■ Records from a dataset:
%%

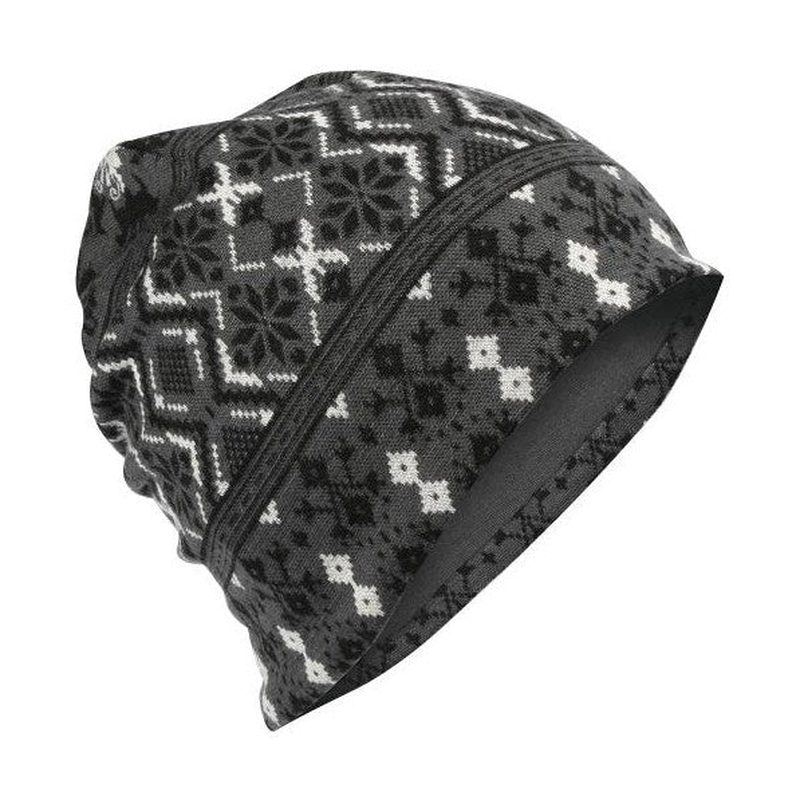 Detail view of dark grey merino wool beanie with white geometric cross motif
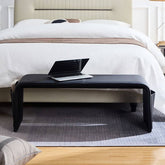 Simple Grey Upholstered Accent Bench Chair
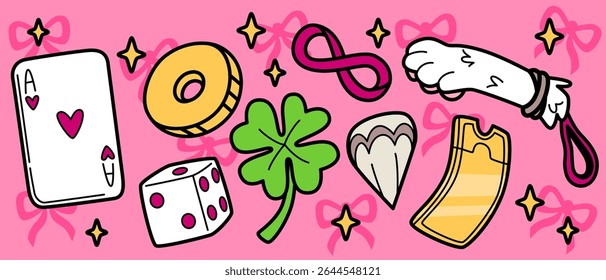Playful lucky charm doodle collection with ace card, coin and dice, clover and golden ticket, infinity symbol and rabbit foot on pink background. Whimsical fortune icons for good luck wishes design.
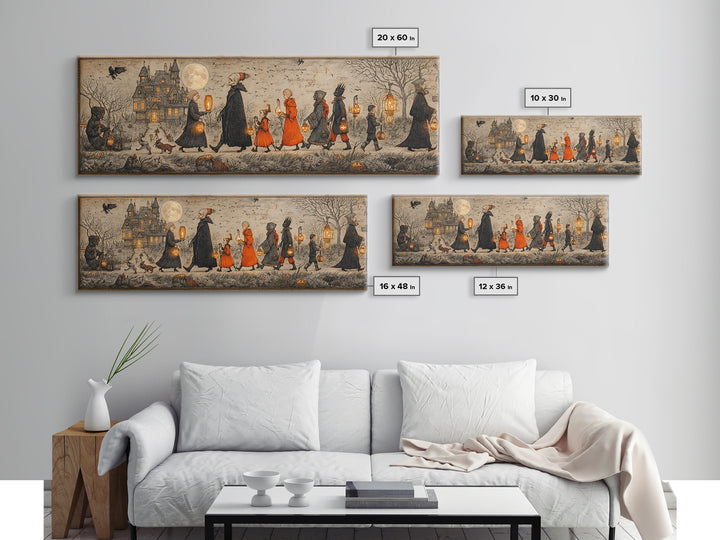 The Trick-Or-Treat Procession, Victorian Macabre Art, Extra Wide Wall Art, Dark Halloween Decor, Canvas Print, Halloween Wall Art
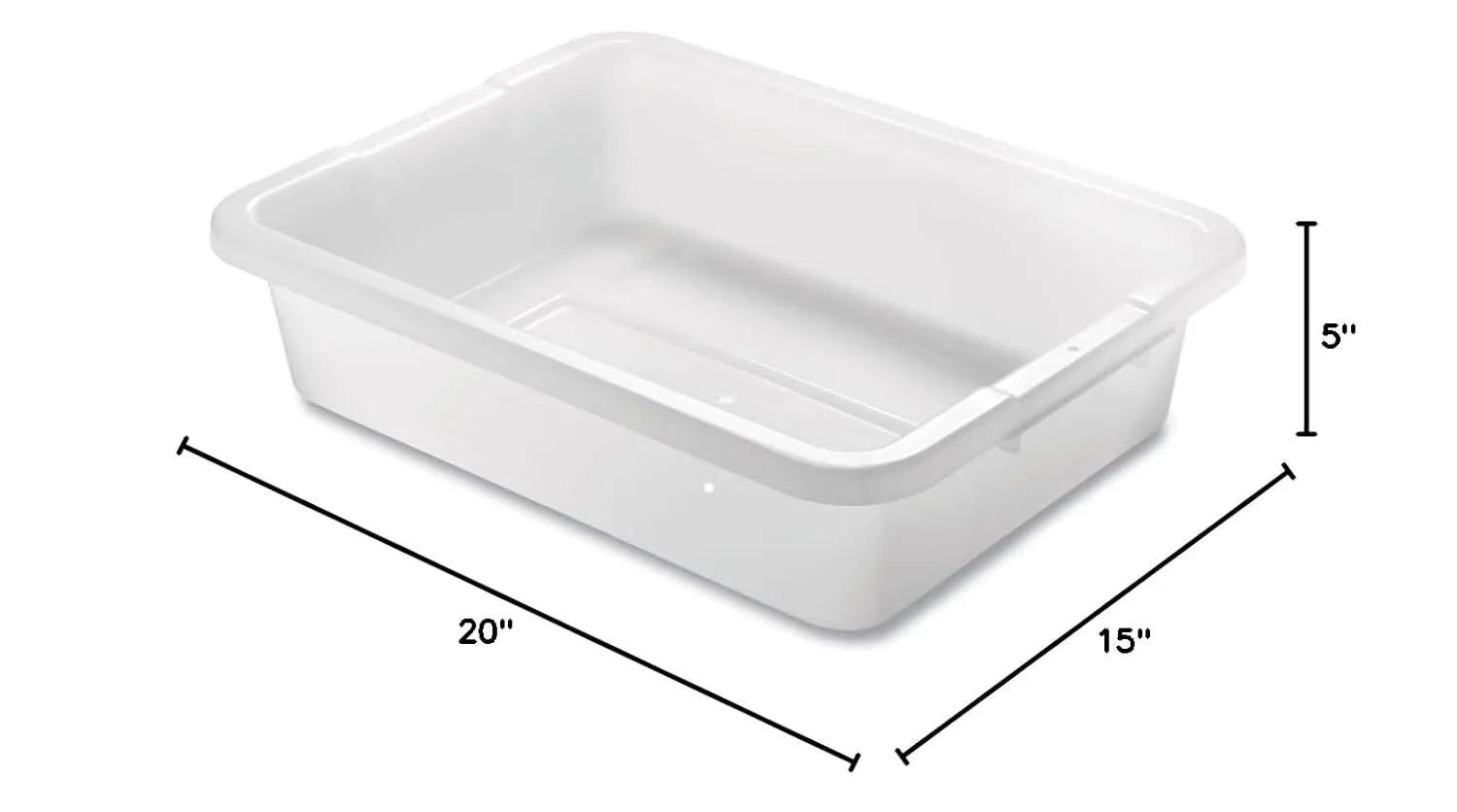 Rubbermaid Commercial FG334992WHT Bus/Utility Tote Box, 20 x 15 x 5 in, 4.63 gal, White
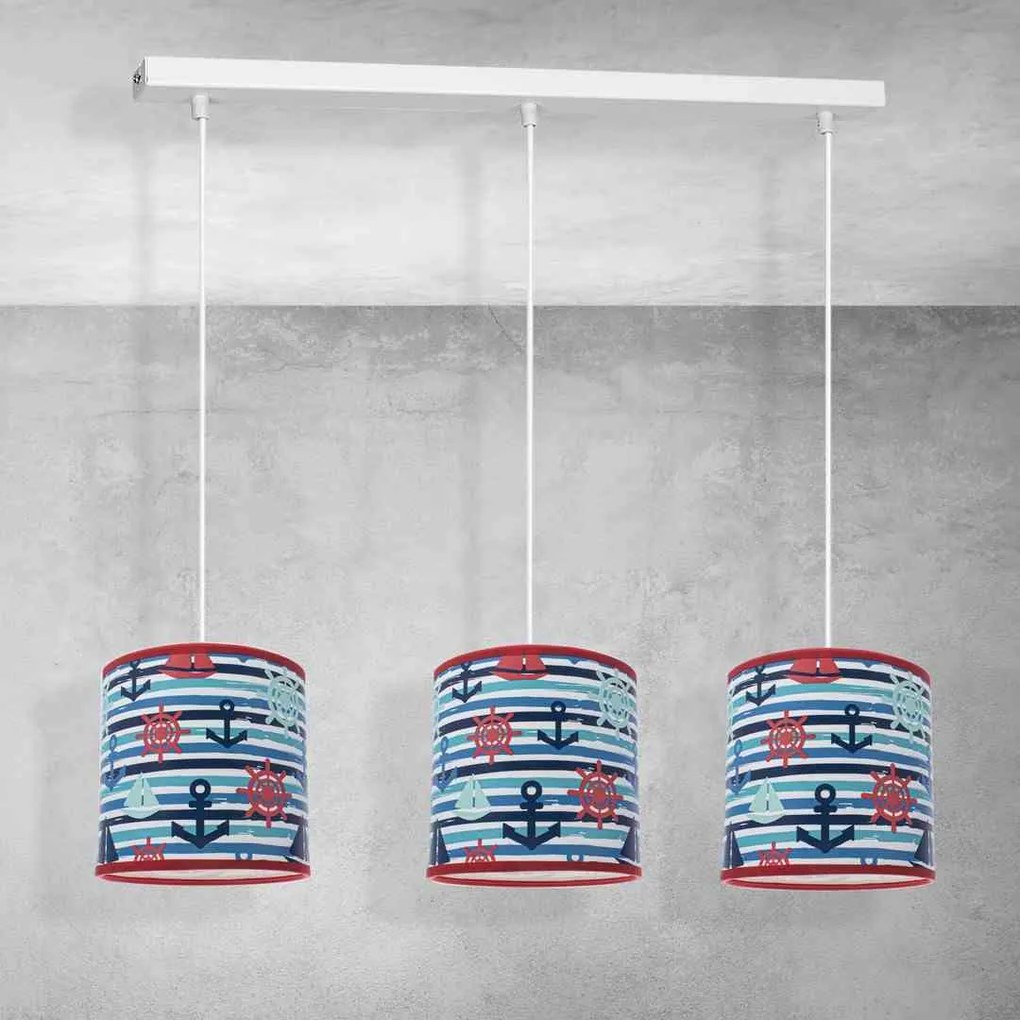 Lampa sufitowa, potrójna, dziecięca, marynarska MARINE 3xE27
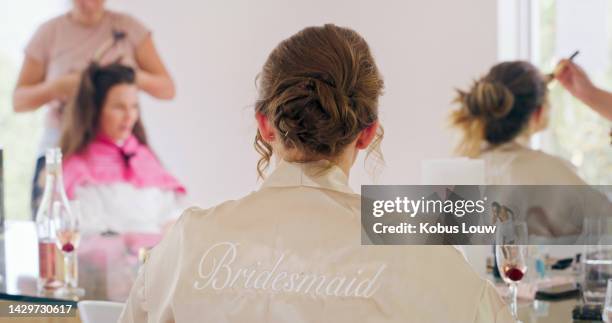 wedding, makeup and bridesmaid woman at salon getting hair, mascara or eyeliner done. maid of honor, support and preparing for ceremony, beauty treatment or bachelorette party and bridal shower - maid of honor hair stock pictures, royalty-free photos & images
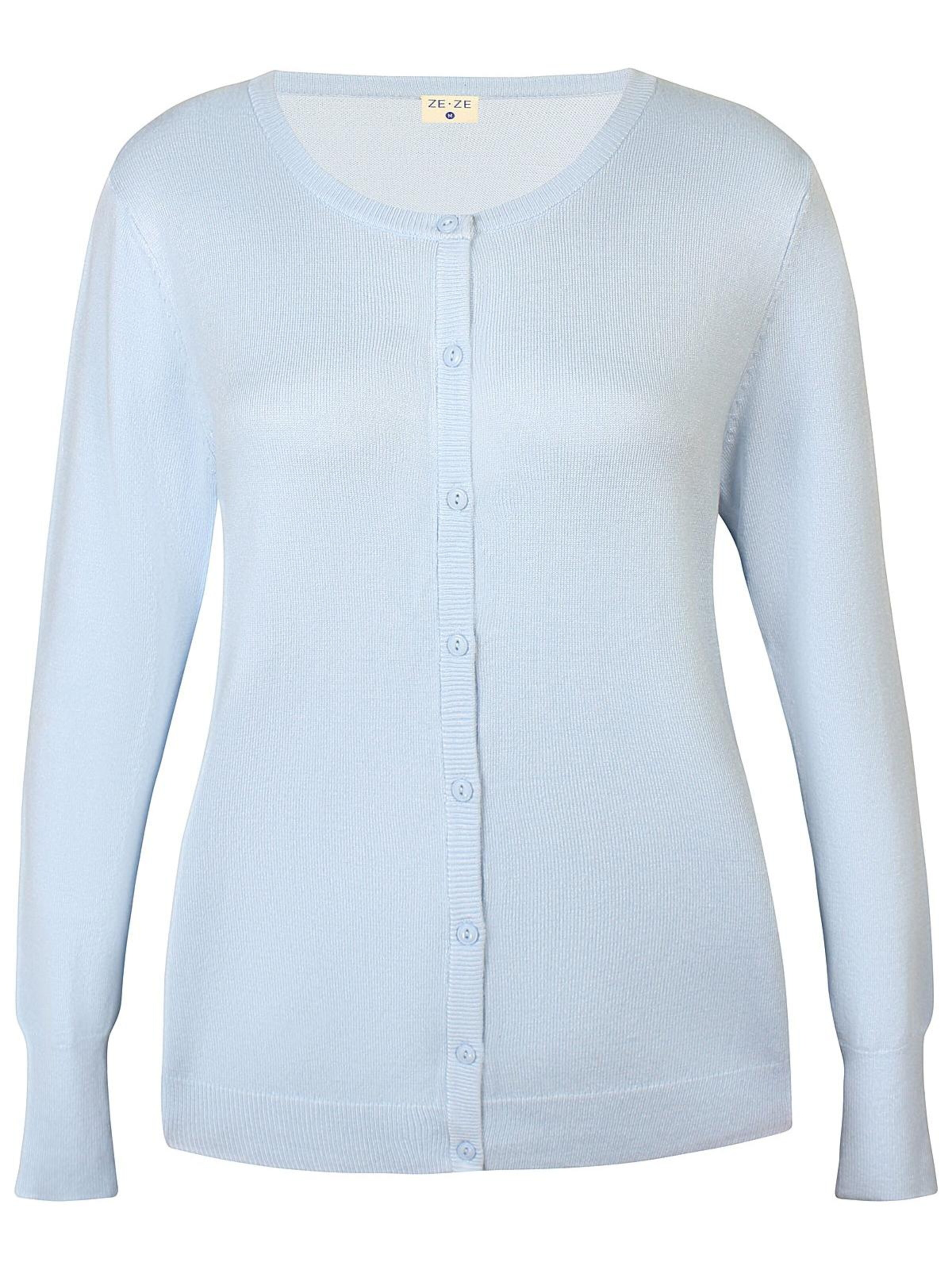 ze-ze Gebreid vest 'Norma 106' in Blauw: voorkant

%%

■ TASK TO CARRY OUT: Omit the pictures and write out the lines above from the one with "wedding, makeup and" through the last, unchanged.

■ RESPONSE TO THE TASK:
 wedding, makeup and bridesmaid woman at salon getting hair, mascara or eyeliner done. maid of honor, support and preparing for ceremony, beauty treatment or bachelorette party and bridal shower - maid of honor hair stock pictures, royalty-free photos & images
 ze-ze Gebreid vest 'Norma 106' in Blauw: voorkant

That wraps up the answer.